## Problem to solve
Make an exact copy of the entries below and leave any picture out of it.
BEGIN Source data
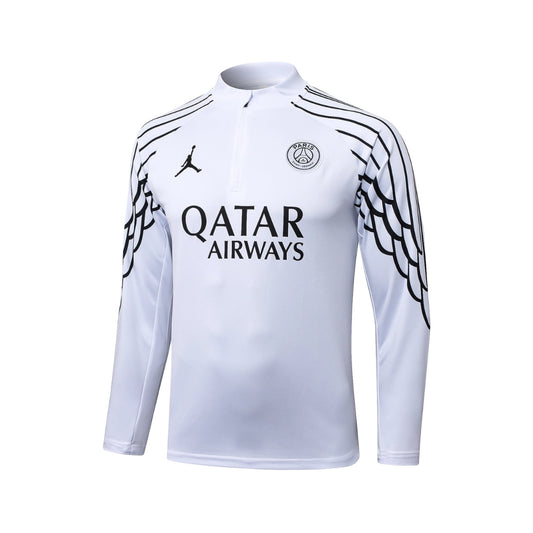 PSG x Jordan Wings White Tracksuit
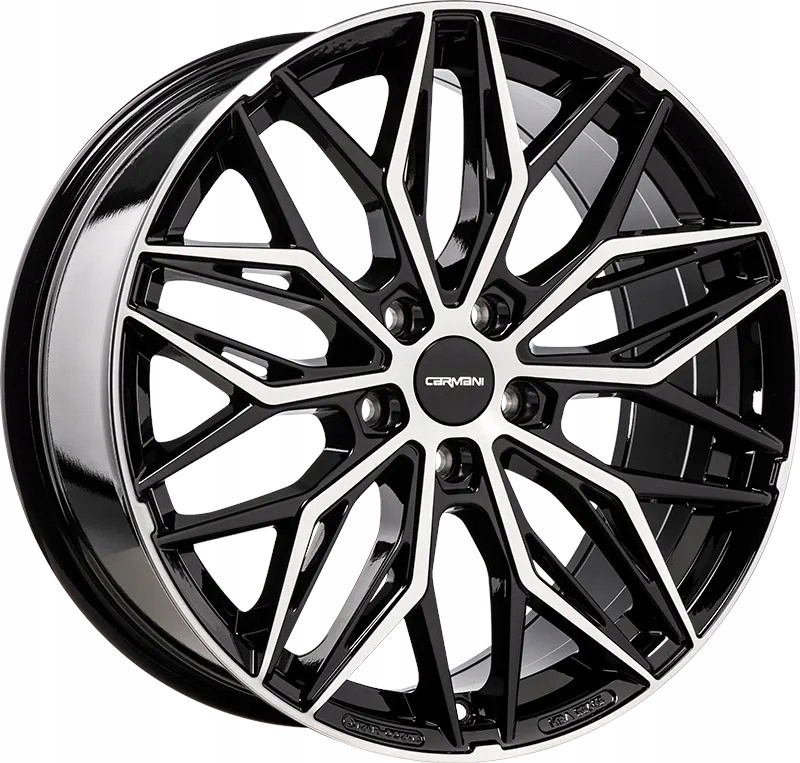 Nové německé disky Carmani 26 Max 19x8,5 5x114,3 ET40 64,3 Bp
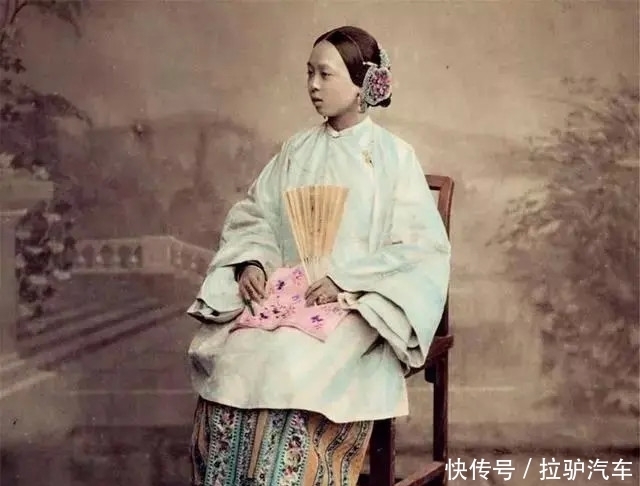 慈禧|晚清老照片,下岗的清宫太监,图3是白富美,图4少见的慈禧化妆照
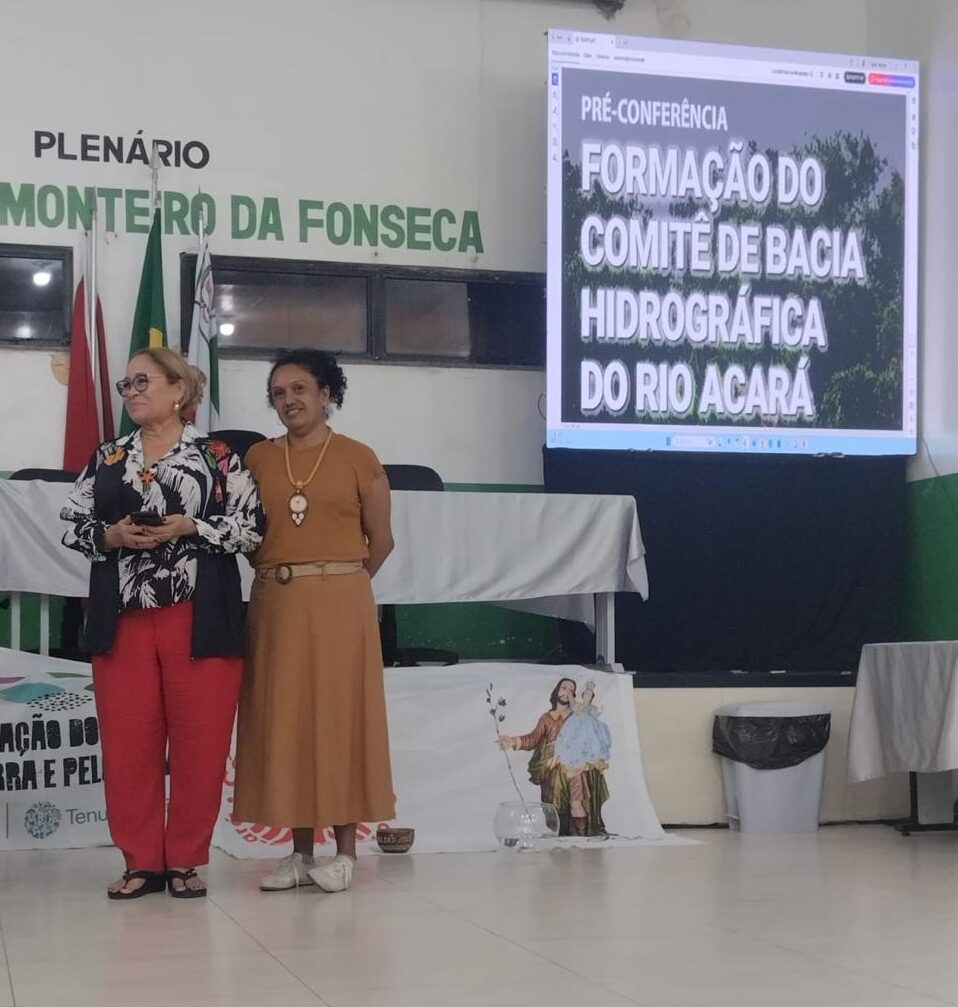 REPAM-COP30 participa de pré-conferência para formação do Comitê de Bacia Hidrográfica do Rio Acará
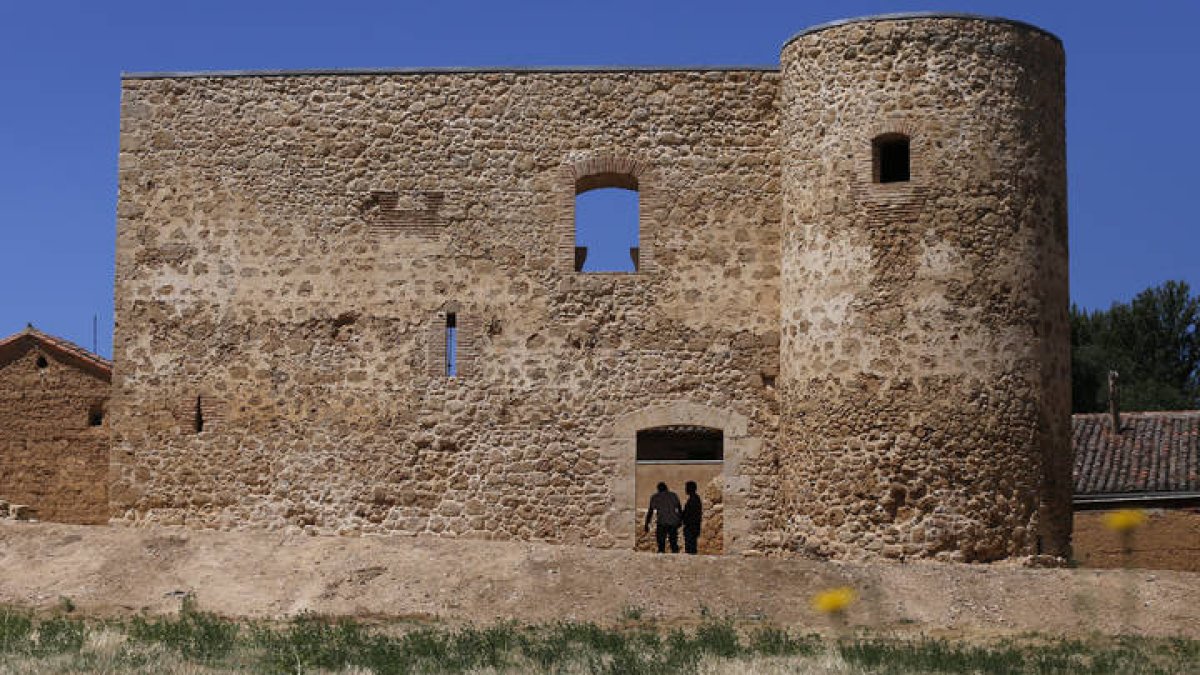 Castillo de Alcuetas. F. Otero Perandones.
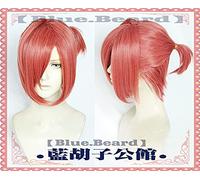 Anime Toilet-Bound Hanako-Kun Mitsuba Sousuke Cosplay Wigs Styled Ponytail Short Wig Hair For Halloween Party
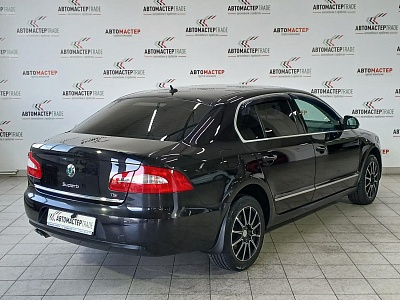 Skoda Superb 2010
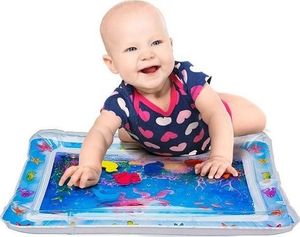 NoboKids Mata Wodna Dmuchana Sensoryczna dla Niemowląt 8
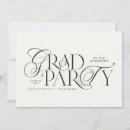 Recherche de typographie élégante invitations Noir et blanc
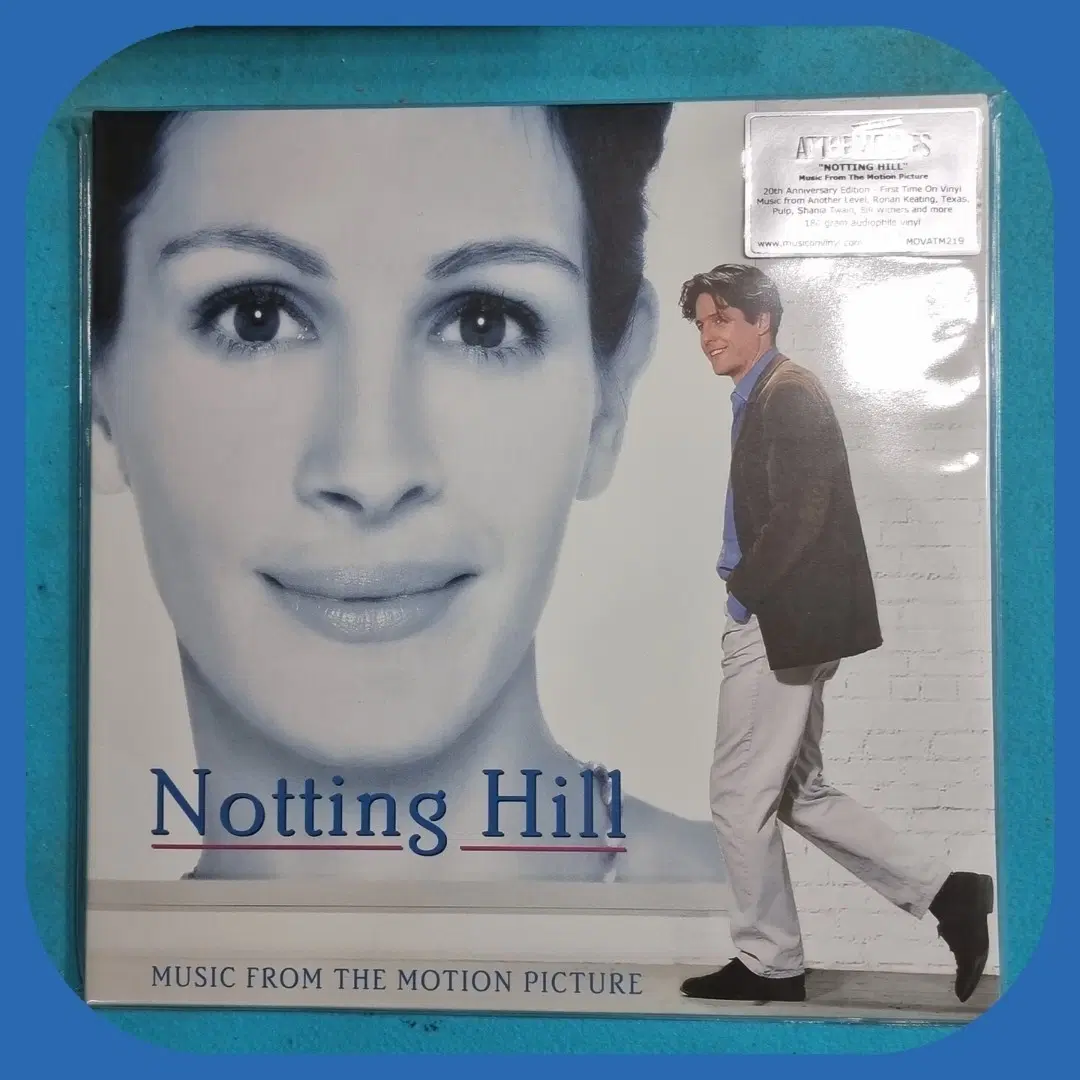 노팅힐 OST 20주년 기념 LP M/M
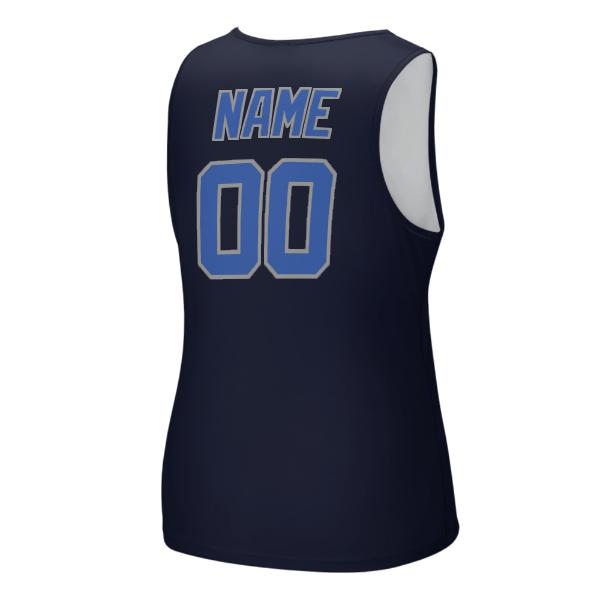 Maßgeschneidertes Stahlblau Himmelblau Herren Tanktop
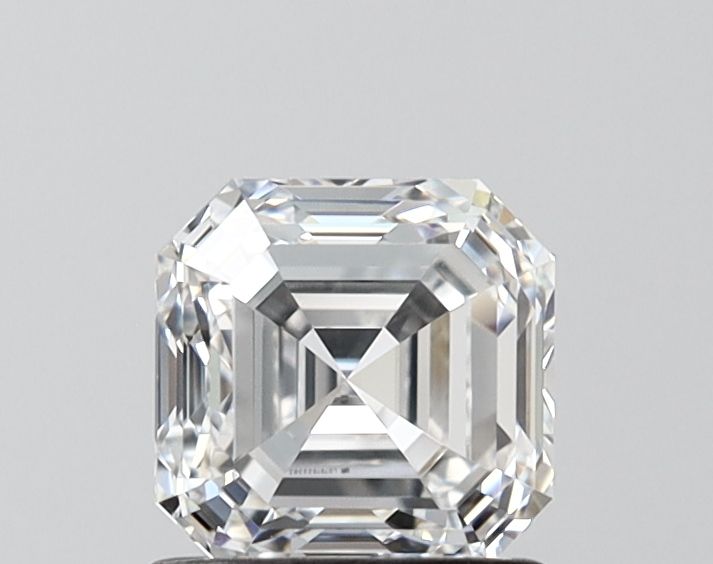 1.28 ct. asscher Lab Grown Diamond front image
END Source data
## Task output
 PSG x Jordan Wings White Tracksuit
 Nové německé disky Carmani 26 Max 19x8,5 5x114,3 ET40 64,3 Bp
 慈禧|晚清老照片,下岗的清宫太监,图3是白富美,图4少见的慈禧化妆照
 REPAM-COP30 participa de pré-conferência para formação do Comitê de Bacia Hidrográfica do Rio Acará
 Castillo de Alcuetas. F. Otero Perandones.
 Anime Toilet-Bound Hanako-Kun Mitsuba Sousuke Cosplay Wigs Styled Ponytail Short Wig Hair For Halloween Party
 Skoda Superb 2010
 NoboKids Mata Wodna Dmuchana Sensoryczna dla Niemowląt 8
 Recherche de typographie élégante invitations Noir et blanc
 노팅힐 OST 20주년 기념 LP M/M
 Maßgeschneidertes Stahlblau Himmelblau Herren Tanktop
 1.28 ct. asscher Lab Grown Diamond front image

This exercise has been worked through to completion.